Task instructions: Go through the records line by line and work out how many lines hold the word "have". Answer with the number only.

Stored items
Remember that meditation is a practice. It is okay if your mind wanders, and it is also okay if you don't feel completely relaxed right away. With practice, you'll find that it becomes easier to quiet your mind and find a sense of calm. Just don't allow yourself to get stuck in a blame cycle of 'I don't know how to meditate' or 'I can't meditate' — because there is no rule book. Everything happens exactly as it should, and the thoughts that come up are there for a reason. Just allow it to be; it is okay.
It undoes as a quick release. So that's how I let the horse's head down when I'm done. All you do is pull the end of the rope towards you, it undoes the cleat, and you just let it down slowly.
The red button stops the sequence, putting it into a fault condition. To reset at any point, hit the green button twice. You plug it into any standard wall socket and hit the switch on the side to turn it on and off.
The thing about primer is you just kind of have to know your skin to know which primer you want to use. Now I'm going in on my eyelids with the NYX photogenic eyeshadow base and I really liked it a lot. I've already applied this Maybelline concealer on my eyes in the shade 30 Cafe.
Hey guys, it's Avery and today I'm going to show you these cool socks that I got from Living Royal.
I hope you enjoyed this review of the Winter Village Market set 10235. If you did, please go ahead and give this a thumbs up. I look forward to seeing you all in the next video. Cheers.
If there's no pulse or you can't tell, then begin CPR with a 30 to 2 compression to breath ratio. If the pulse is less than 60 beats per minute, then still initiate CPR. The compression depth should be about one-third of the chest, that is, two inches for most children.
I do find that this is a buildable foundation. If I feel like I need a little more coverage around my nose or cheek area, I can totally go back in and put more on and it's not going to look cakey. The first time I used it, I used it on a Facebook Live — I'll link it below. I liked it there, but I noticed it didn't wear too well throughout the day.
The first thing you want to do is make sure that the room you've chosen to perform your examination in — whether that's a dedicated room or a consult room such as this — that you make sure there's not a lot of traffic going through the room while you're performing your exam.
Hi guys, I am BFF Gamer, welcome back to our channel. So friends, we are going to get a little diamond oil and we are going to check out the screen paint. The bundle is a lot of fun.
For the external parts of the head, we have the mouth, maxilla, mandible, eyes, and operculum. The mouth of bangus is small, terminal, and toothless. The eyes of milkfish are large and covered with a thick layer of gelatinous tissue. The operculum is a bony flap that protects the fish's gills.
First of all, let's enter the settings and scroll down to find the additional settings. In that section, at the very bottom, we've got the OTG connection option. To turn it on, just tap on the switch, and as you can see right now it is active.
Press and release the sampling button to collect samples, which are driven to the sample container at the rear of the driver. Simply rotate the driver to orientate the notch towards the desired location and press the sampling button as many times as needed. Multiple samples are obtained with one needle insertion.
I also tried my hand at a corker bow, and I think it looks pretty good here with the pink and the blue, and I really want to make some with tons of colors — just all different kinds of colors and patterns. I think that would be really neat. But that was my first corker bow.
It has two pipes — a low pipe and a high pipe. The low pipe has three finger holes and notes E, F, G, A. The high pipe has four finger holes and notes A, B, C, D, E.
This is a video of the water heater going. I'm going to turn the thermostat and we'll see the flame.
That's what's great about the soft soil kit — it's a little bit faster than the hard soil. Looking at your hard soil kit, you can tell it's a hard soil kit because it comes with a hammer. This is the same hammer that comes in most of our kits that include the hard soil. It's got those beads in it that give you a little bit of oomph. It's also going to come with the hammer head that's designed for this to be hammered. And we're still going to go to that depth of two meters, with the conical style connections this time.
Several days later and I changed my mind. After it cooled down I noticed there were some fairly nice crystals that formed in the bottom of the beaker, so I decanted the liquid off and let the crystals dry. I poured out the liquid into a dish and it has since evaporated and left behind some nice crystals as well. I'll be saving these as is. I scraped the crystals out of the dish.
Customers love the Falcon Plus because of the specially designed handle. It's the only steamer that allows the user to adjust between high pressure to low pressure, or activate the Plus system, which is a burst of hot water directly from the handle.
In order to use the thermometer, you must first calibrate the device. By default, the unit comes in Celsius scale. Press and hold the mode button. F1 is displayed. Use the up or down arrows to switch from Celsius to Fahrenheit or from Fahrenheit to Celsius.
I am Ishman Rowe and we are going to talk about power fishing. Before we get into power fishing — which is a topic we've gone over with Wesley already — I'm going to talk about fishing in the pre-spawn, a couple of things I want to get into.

Response area: 2